▶ **What you are asked to do**
Exact copy, no pictures: return only the lines below from the line with "Handle Assembly" up to and including the line with "touchless faucet upgrade kits".

▶ **The input**
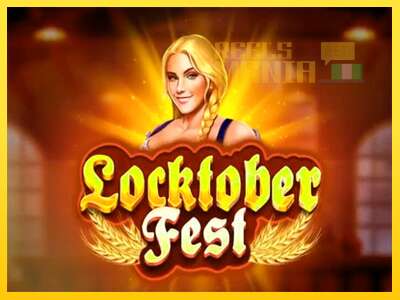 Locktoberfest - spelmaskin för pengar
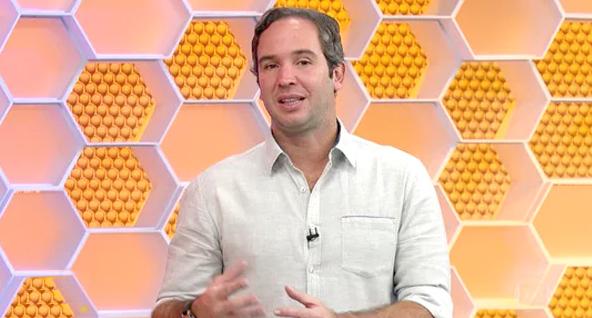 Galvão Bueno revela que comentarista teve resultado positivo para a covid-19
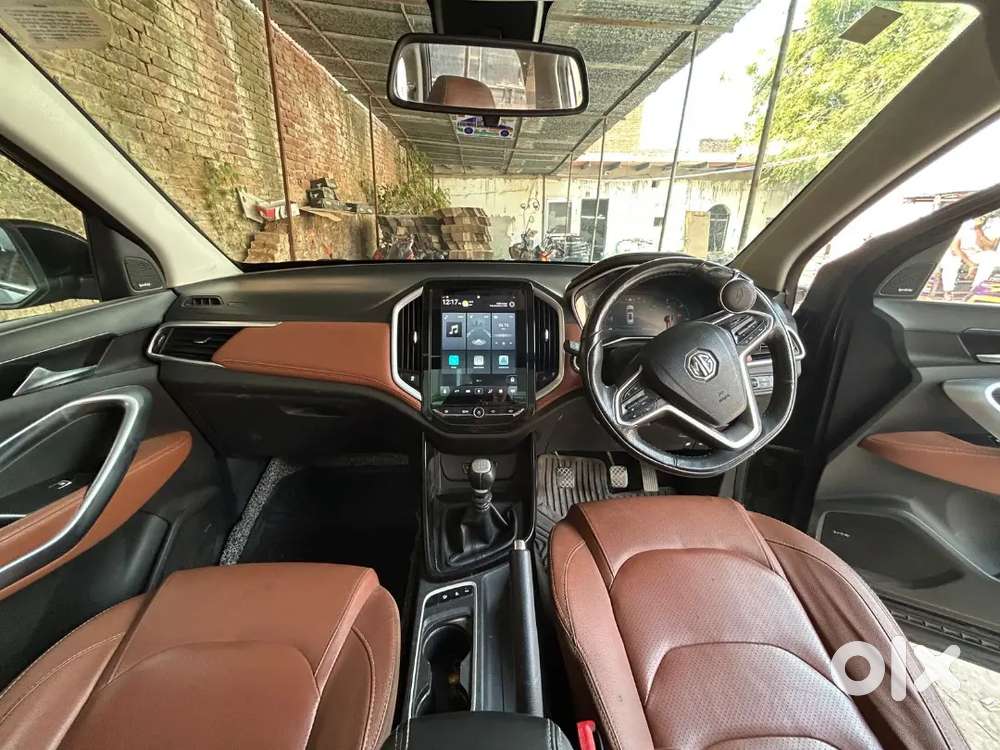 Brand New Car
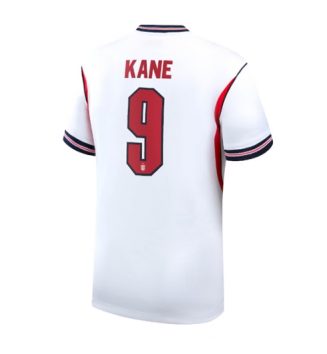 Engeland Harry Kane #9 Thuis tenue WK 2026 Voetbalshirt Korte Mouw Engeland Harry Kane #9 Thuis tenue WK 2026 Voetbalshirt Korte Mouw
==
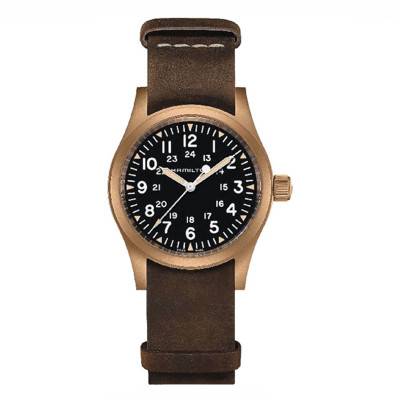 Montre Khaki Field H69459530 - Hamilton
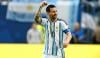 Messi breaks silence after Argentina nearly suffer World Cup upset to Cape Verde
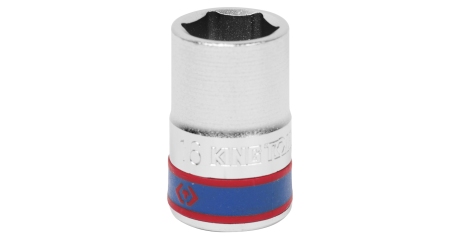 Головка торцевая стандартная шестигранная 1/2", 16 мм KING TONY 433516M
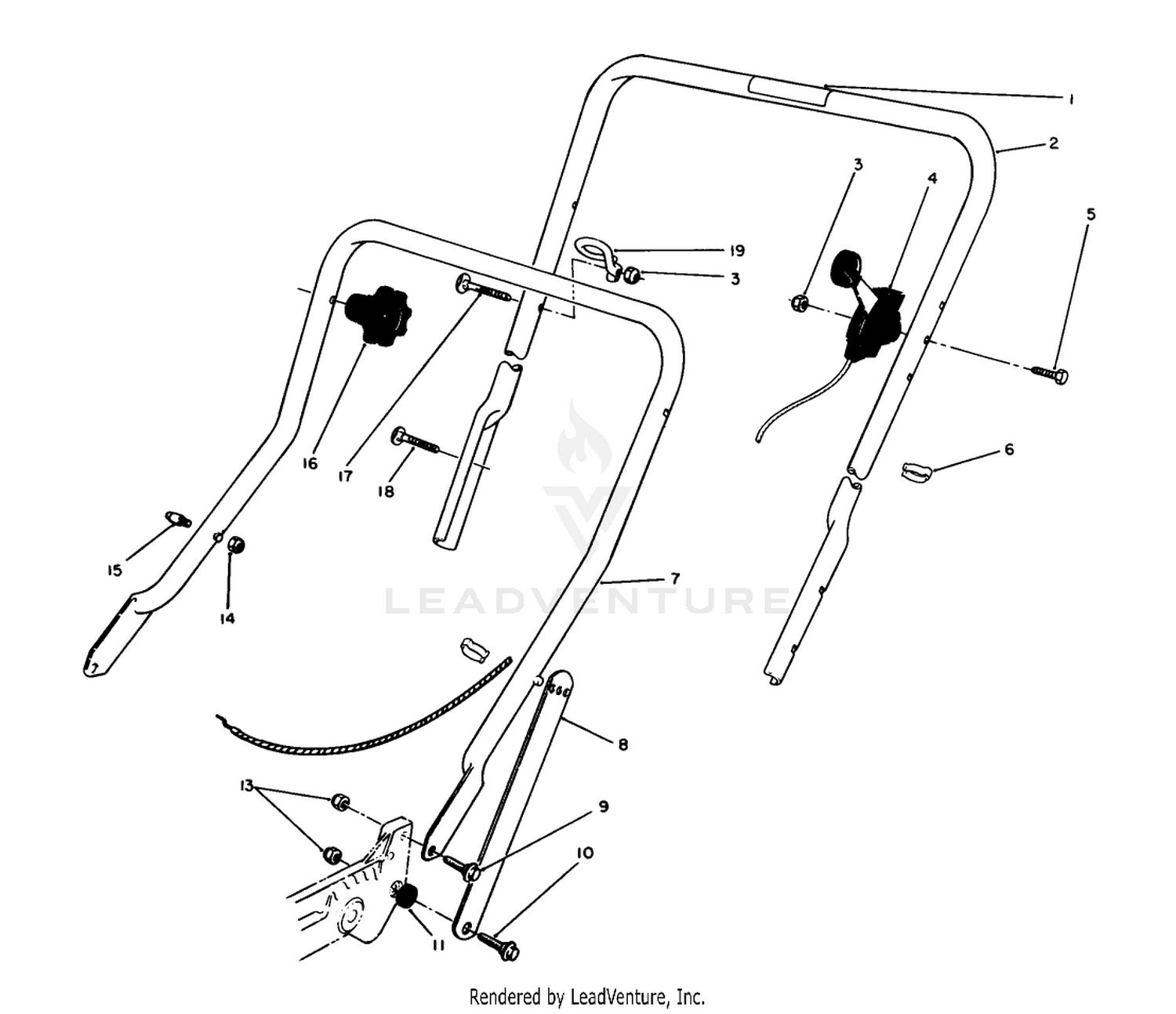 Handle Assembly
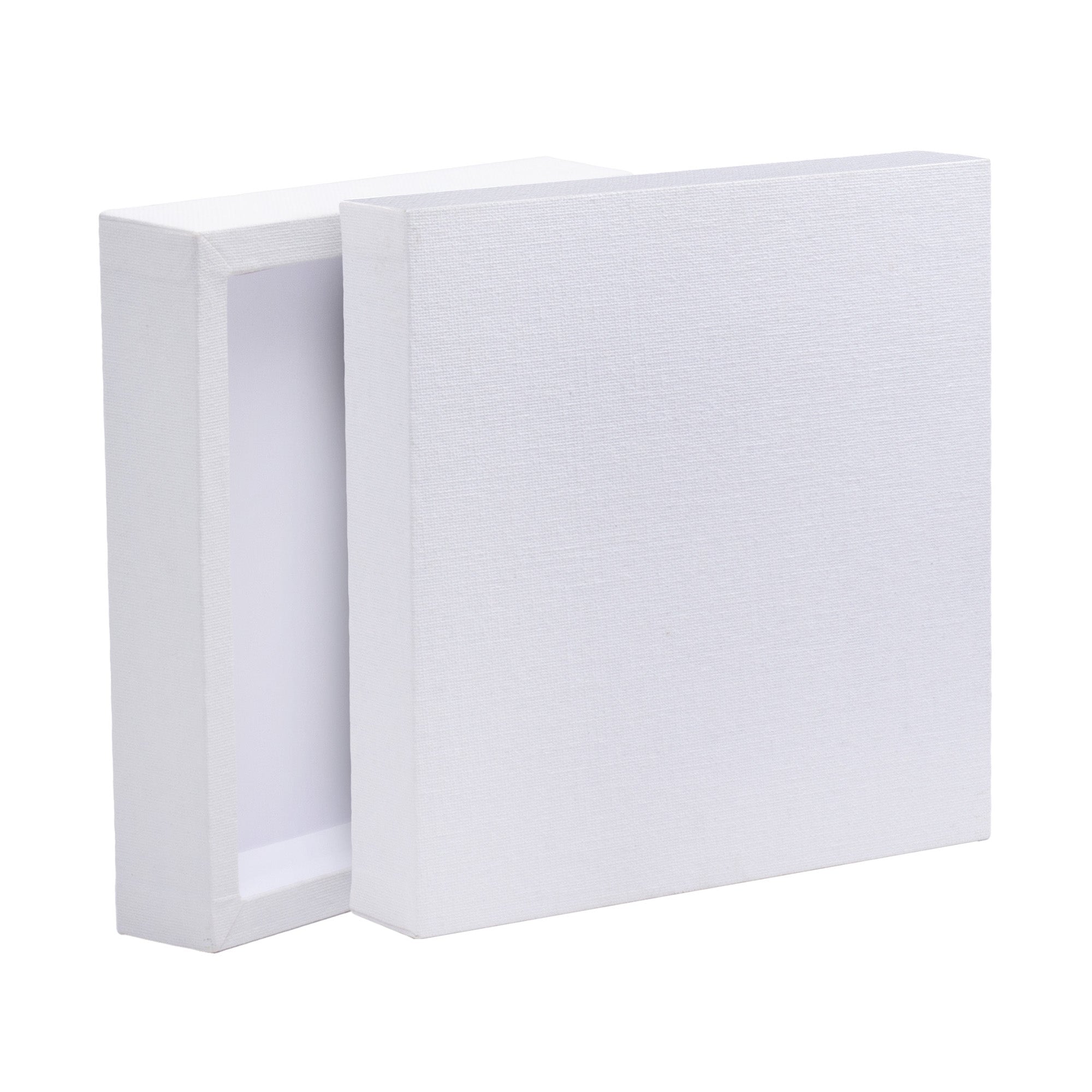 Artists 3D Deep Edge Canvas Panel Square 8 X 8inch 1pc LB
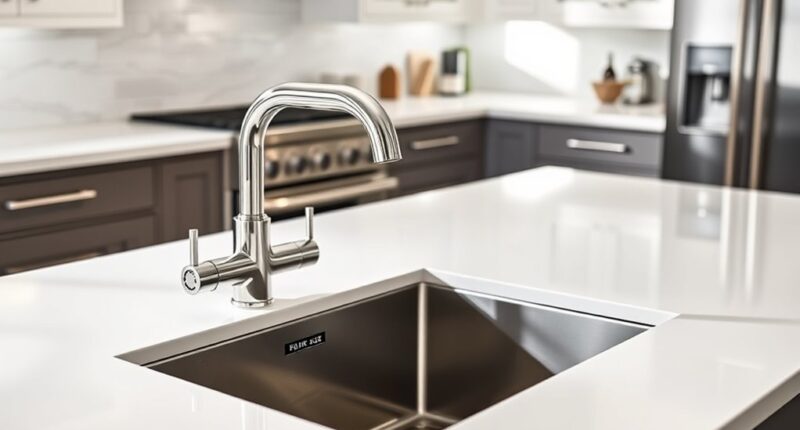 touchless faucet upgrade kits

▶ **Your response**
 Handle Assembly
 Artists 3D Deep Edge Canvas Panel Square 8 X 8inch 1pc LB
 touchless faucet upgrade kits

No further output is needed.